Answer the questions below using NO MORE THAN THREE WORDS from the passage for each answer.

Write your answers in boxes 6-10 on your answer sheet.

Various modem applications base on an image produced by lens uses refraction, such as 6 . And a spectrum of colors from a beam of light can be produced with 7 . Harriot travelled to Virginia and mainly did research which focused on two subjects of American 8 . After, he also enters upon a study of flight dynamics and 9 for one of his friends much ahead of major European competitor. He undertook extensive other studies which were only noted down personally yet predated than many other great scientists. One result, for example, corrected the misconception about the idea of 10 .

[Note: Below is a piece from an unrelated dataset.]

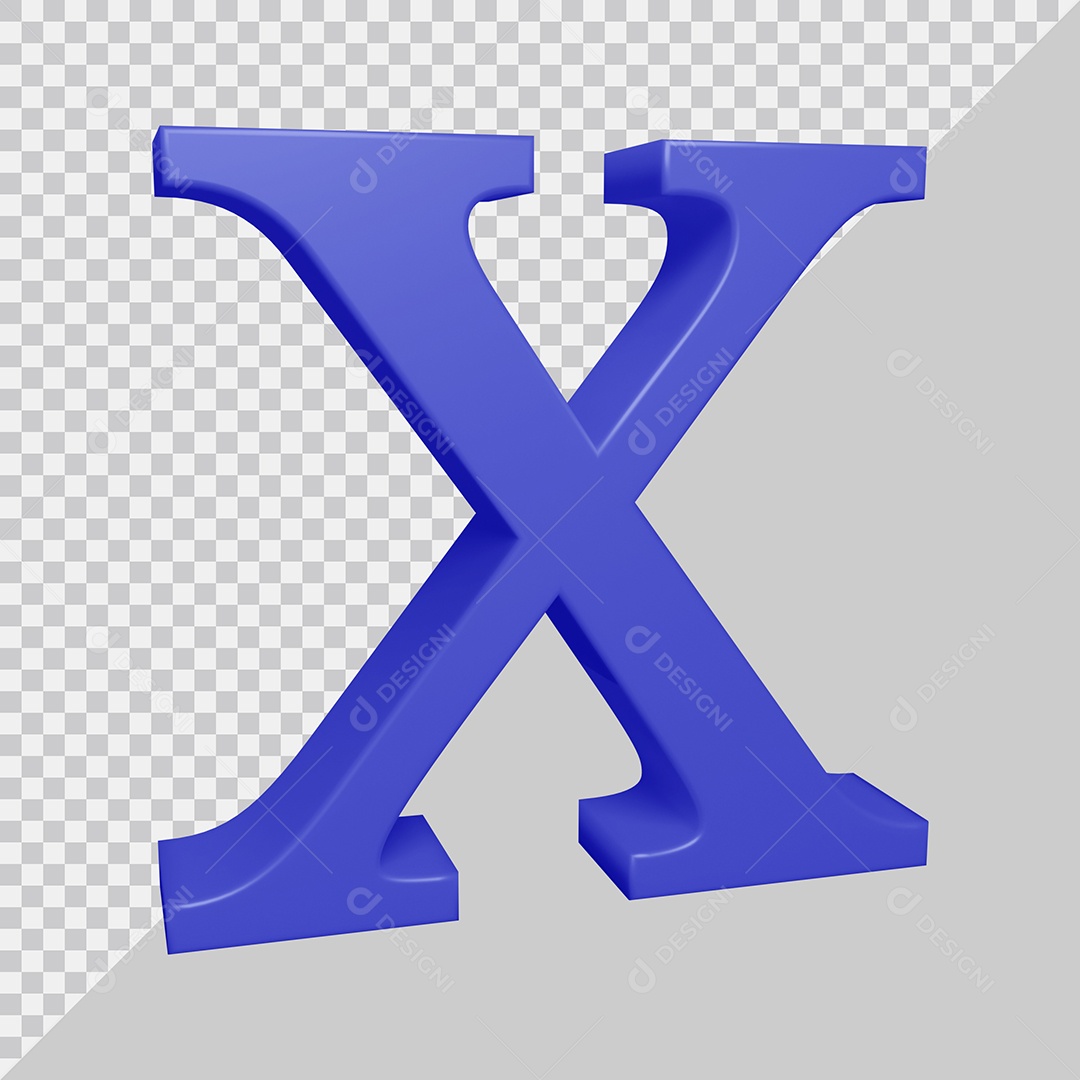 Letra X Maiúscula Azul Ilustração 3D PSD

  • 6 Answer: magnification

    Keywords in Questions

    Similar words in Passage

    Q6: Various modem applications base on an image produced by lens uses refraction, such as ____

    Refraction has many applications in optics and technology. A lens uses refraction to form an image of an object for many different purposes, such as magnification.

    Note: 

    The blank should be filled with a noun/noun phrase

    Guessing tip 1: When you scan the summary, you can see the name “Virginia” appears twice in paragraph C and paragraph F. Therefore, it is possible that the answer for Q6 (and Q7) lies above paragraph C or paragraph F. Scanning paragraph B, it mostly mentions Harriot’s career (some of his research and achievements). Moving to paragraph A, you can find the answer.

    Guessing tip 2: The introduction of a biography often mentions one’s family background or his/her famous achievement or its popularity/application today.

    In paragraph A:

    “modern applications” - “applications in optics and technology”

    “lens uses refraction” - “lens uses refraction”

    “such as” - “such as”

    Answer: magnification

  • 7 Answer: prisms

    Keywords in Questions

    Similar words in Passage

    Q7: a spectrum of colors from a beam of light can be produced with ____

    A prism uses refraction to form a spectrum of colors from an incident beam of light

    Note: 

    The blank should be filled with a noun/noun phrase.

     

    In the sentence in the paragraph, you can see two nouns that seem reasonable: “a prism” and “refraction”. However, what produces a spectrum of colors is a prism, not refraction only, so the answer should be “a prism”.

     

    In paragraph A:

    “a spectrum of colors from a beam of light” - “a spectrum of colors from an incident beam of light”

    “produced” - “form”

     

    Answer: a prism/prisms

  • 8 Answer: land and language

    Keywords in Questions

    Similar words in Passage

    Q8: Harriot travelled to Virginia … research … focused on … American …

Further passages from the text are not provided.